Part of the Spieth mystique is that he dominates while not looking very dominant. As Branden Grace, Spieth’s playing partner for the final round at Chambers, put it, “To be honest, he never hit the ball that great on the first nine holes. He struggled around the tee, but he’d get it around. He hit the green, took the bogeys out of play, took the pars, headed forward.” America’s best young player is not known for show-stopping drives or long irons (McIlroy), laser-like approaches (Woods in his prime), or crazy recovery shots (Phil Mickelson, Patrick Reed). No, Spieth just pours in clutch putts (also Woods) and refuses to beat himself (Jack Nicklaus).
Woods, incidentally, shot an opening-round 66 on the way to a 32nd place finish at the Greenbrier Classic, which wasn’t bad for the then-220th ranked player in the world. He has won two Opens at St. Andrews, in 2000 and ’05. Could he be poised for a long-awaited comeback? Only if you believe in miracles. Other threats to Spieth: Grace? Maybe. Resurgent Englishman Paul Casey, who lost a playoff to Bubba Watson at the recent Travelers Championship? Perhaps. Henrik Stenson, who tied for third at the 2010 Open, is usually in the mix. Watson (Bubba) would seem to fit the profile of Old Course winners—see: 1995 champion golfer John Daly—but his poor Open record says otherwise.

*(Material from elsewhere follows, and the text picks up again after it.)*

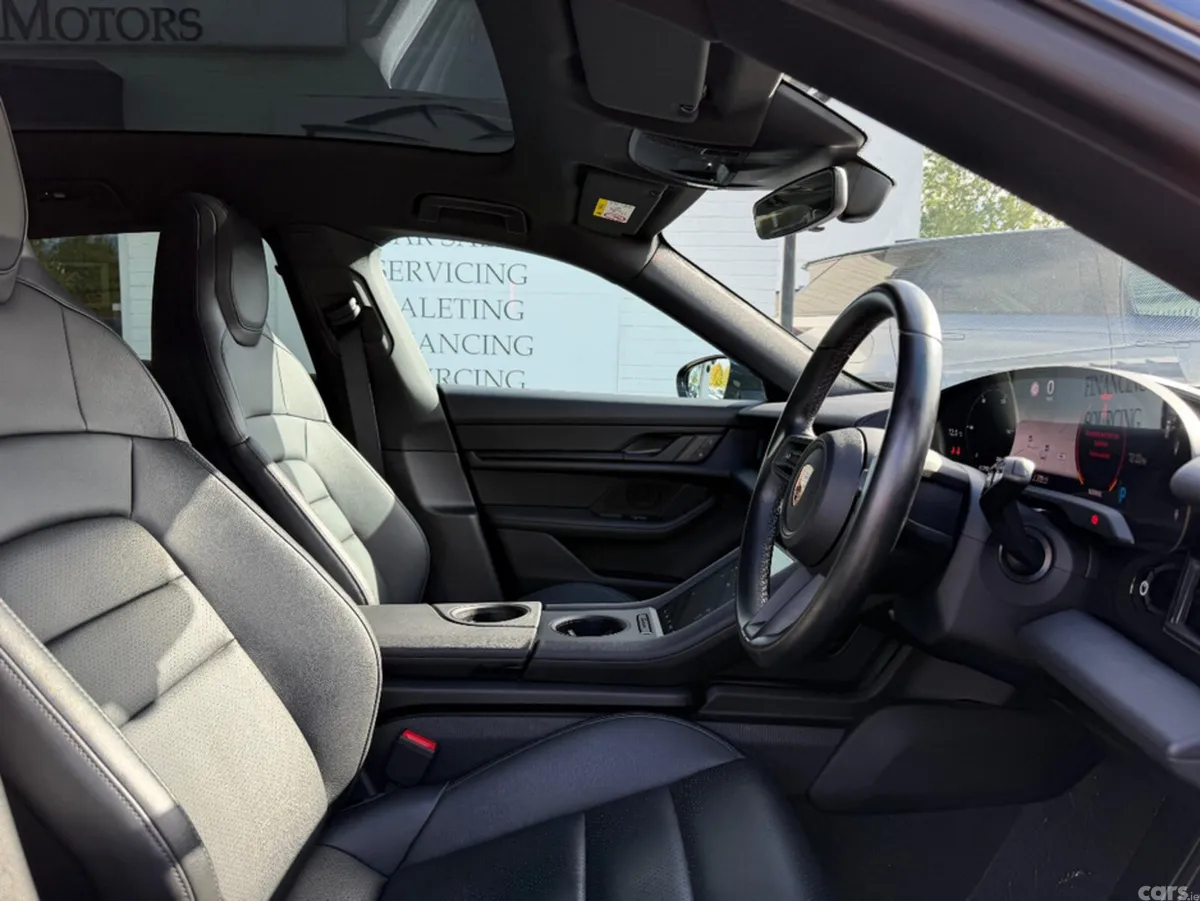 Porsche Taycan Estate, Electric, 2023, Grey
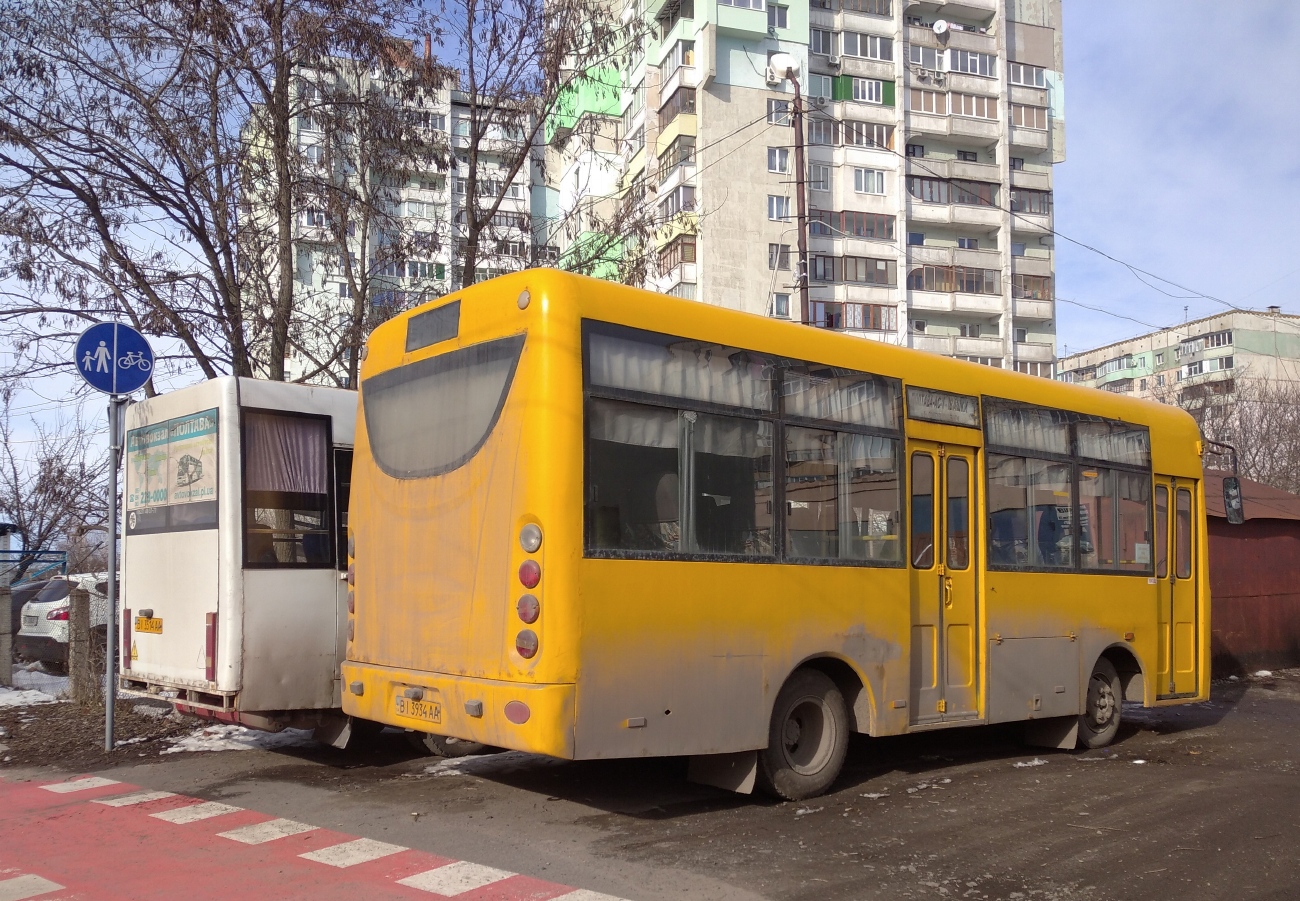 Полтавская область, Shaolin SLG6720CGN № BI 3934 AA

Which brings us back to Spieth.
“It’s remarkable how good a player he is,” Billy Horschel, an avowed Spieth fan, said recently. “I don’t see him letting off the gas pedal anytime soon, so I think we all need to buckle up and get going to catch him.”
Spieth won’t be easily caught, though. He’s on a trajectory we haven’t seen since Woods circa 2000, which means he is improving even as he wins.
“There’s certainly things that I can improve on from this week,” he said at the U.S. Open. “I can strike the ball better than I did this week. I can get more positive. I can improve in all aspects of my game. I believe that.”
Remember the kid who took the lead into the weekend at the 2014 Farmers Insurance Open at Torrey Pines—he dusted playing partner Woods by nine strokes over the first 36 holes—only to cough up a pair of 75s amid an on-course pity party? Spieth is no longer that guy. Not even close. Wise beyond his years—he’ll turn 22 on July 27—he is learning at an astronomical rate; in winning the U.S. Open at Chambers he tamed a course where he had shot 83 in his only other round (2010 U.S. Amateur).
Journalistic protocol requires me to mention that Spieth has only a T-36 (last year) and a T-44 (’13) in two British Open starts. But is that even worth mentioning? And is this the Summer of Spieth or the start of an era?
Who’s going to beat Spieth if he won’t do it himself?